> **Exercise requirements**: Write the listing below out again exactly, dropping the images.

> **Information supplied**:
+===+

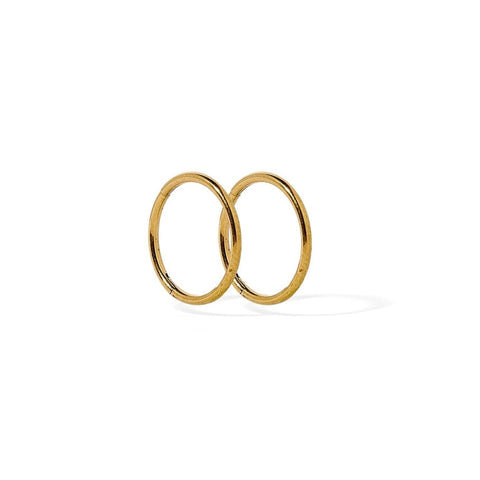 Mini Ava Gold Huggie Infinity Hoop Earrings by Linny Co, 10mm, featuring sleek gold infinity design on small hoop earrings.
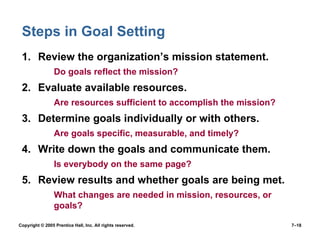 Steps in Goal Setting Review the organization’s mission statement. Do goals reflect the mission? Evaluate available resources. Are resources sufficient to accomplish the mission? Determine goals individually or with others. Are goals specific, measurable, and timely? Write down the goals and communicate them. Is everybody on the same page? Review results and whether goals are being met. What changes are needed in mission, resources, or goals? Copyright © 2005 Prentice Hall, Inc. All rights reserved.  7– 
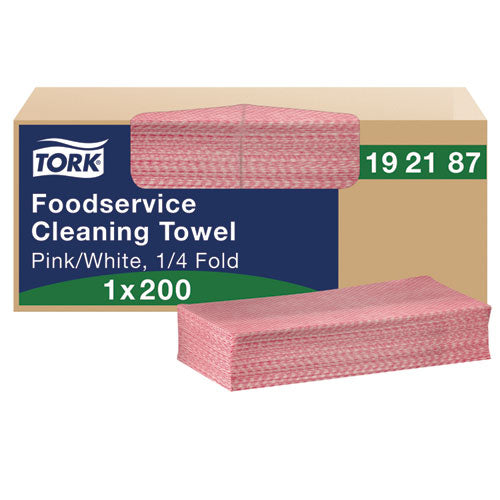 Image of Tork® Foodservice Cleaning Towel, 1-Ply, 6 x 10.75, Pink, 200/Carton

+===+

> **Answer section**:
 Mini Ava Gold Huggie Infinity Hoop Earrings by Linny Co, 10mm, featuring sleek gold infinity design on small hoop earrings.
 Steps in Goal Setting Review the organization’s mission statement. Do goals reflect the mission? Evaluate available resources. Are resources sufficient to accomplish the mission? Determine goals individually or with others. Are goals specific, measurable, and timely? Write down the goals and communicate them. Is everybody on the same page? Review results and whether goals are being met. What changes are needed in mission, resources, or goals? Copyright © 2005 Prentice Hall, Inc. All rights reserved.  7– 
 Image of Tork® Foodservice Cleaning Towel, 1-Ply, 6 x 10.75, Pink, 200/Carton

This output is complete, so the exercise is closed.